I will be the first to admit that I absolutely do not understand how your mind works. You are different than I am in almost every way possible. But that doesn’t mean I’m not fascinated and amused by you and your creativity!

School is hard this year, but not because you can’t do it. There are just things you do not want to do. Because you don’t really like to talk about it, we are not completely sure what triggers your dislikes so strongly, but we are all working on it.

The tooth fairy has visited often this year.
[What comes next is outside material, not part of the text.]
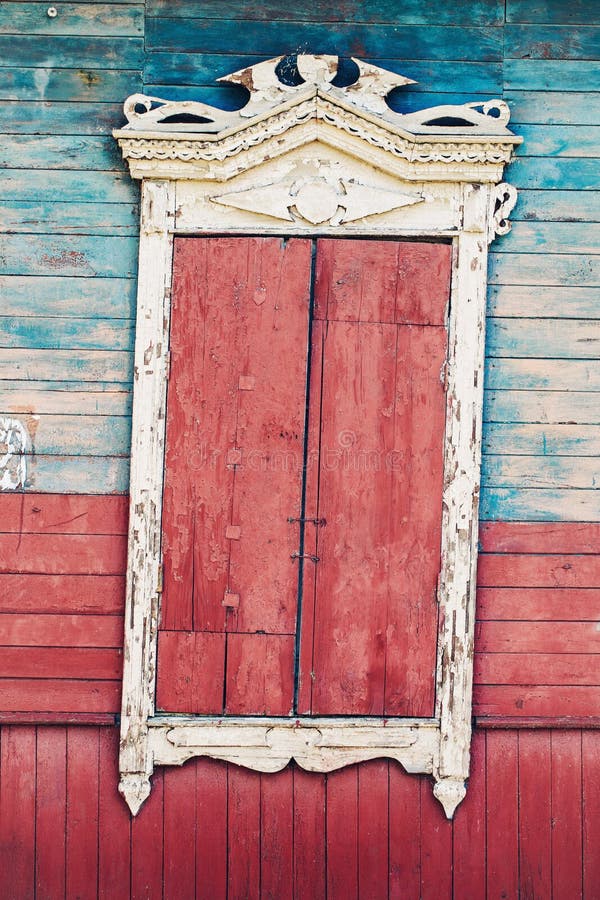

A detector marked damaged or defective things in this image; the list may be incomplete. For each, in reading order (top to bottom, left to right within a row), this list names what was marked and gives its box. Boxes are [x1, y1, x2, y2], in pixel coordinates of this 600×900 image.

peeling white paint [0, 416, 28, 488]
You have been missing a front tooth for like ever now. And it only adds to your sweet charm. A sweet charm you seem to know you possess. One that wiggles you into the hearts of everyone that meets you.

You LOVE to laugh. Despite the roughness of the day, in the end, you just want to laugh at silly things. And no one can make you laugh that deep, chuckle laugh of yours harder than Eddie. You and Eddie have a deep connection. He absolutely do not understand you, but he loves you deeply. He sticks up for you and wants to help you as best as he can. Sometimes you let him. When he tickles you, you pee your pants every time. But neither of you care because you’re laughing so much!
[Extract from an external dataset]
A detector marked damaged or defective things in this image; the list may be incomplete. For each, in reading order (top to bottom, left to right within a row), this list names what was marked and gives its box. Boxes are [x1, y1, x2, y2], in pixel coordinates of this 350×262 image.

Your sister on the other hand, drives you nuts. I try not to laugh, but she is also so very different than you are. For one, she talks nonstop. For another she wants to play with you and you absolutely do not want her to touch anything that is yours or that you are playing with because she will do it wrong. You have zero patience for her being littler than you. But the minute someone is being mean to her? Look out! Bird rage!

You love things that are soft. I mean, who doesn’t?! But you particularly love stuffed animals and soft blankets and your soft weighted blanket. You love to feel warm and secure. Again, who doesn’t, right? But you love these things more than a typical kid does. You like to be close. You like to cuddle. This has been true since you were a tiny infant you preferred the swaddle or the moby wrap.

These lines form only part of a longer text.